My first tour of Sazerac House found me walking through empty corridors and large, open-air rooms, the footsteps of my companions and myself echoing on hardwood floors. There was a Zen-like calm to the place, as though the building had always been here in exactly this condition, but nobody knew to look for it. The whole tour was as much a master class in spirits and cocktails as it was in the city’s culture and heritage. So drawn was I by the serenity and majesty of the empty building that I wasn’t sure what to expect at the opening night gala — tuxedoes and gowns, yes, but with drinks flowing freely and jazz bands singing French songs, would the calm magic wash away?

It did not. As stunning as the ribbon-cutting pageantry was — among those holding scissors were Bill Goldring, chairman of the Sazerac Company; Mark Brown, the company’s president & CEO; John Bel Edwards, governor of Louisiana; and LaToya Cantrell, mayor of New Orleans — and as thrilling as the marching brass band was that paraded through the lobby once the ribbon fell and the staircase opened — what moved me most came after. It was how hard the glamour of the event had to fight to mesmerize the guests as much as the magnificent setting did. To enter Sazerac House is to want to know everything about it, and everything about the city that calls it home. The ballroom dance floor remained empty for most of the night because guests were so enthralled with “magic mirrors” that came alive unexpectedly with vintage advertisements and century-old photographs.
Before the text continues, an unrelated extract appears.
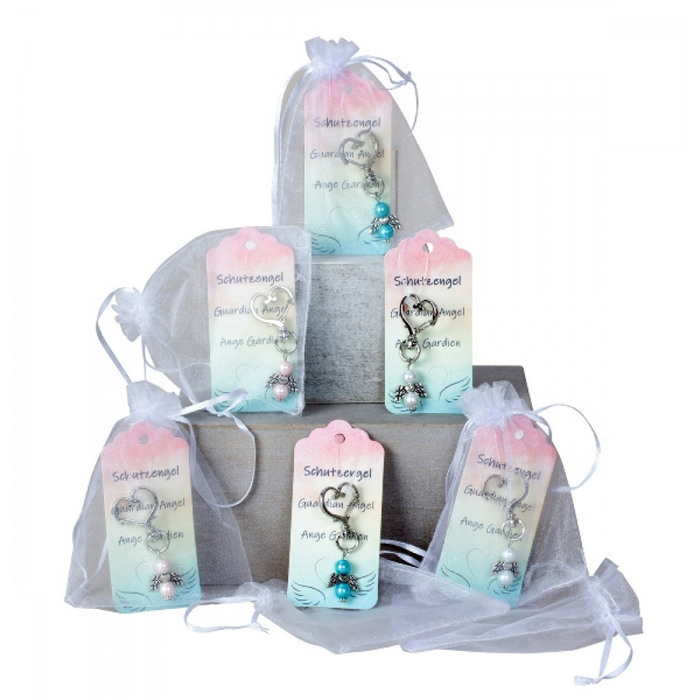 https://cdn.webshopapp.com/shops/259273/files/465881882/file.jpg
Even from the outside, Sazerac House is quintessentially New Orleans. It bears the sort of edifice you find on Rue de Rivoli in Paris, where practically ancient buildings seem somehow as youthful as the day they were built. The Sazerac House building, abandoned for decades and now vibrant and dignified, is over 150 years old, with every inch of its 4,800 square feet restored and manicured to feel as timeless as the city itself, and its namesake drink. And after hours spent sipping spirits and cocktails distilled and mixed before your very eyes , you exit through the airy, capacious lobby, its ceiling so high it seems it might punch right through the clouds. You walk past its central, wooden staircase adorned in wrought iron and brought into relief by white, lighted and well-bottled shelves, and you step back into the city where horse-drawn carriages belong, taking your lover’s hand as you walk out into the New Orleans night.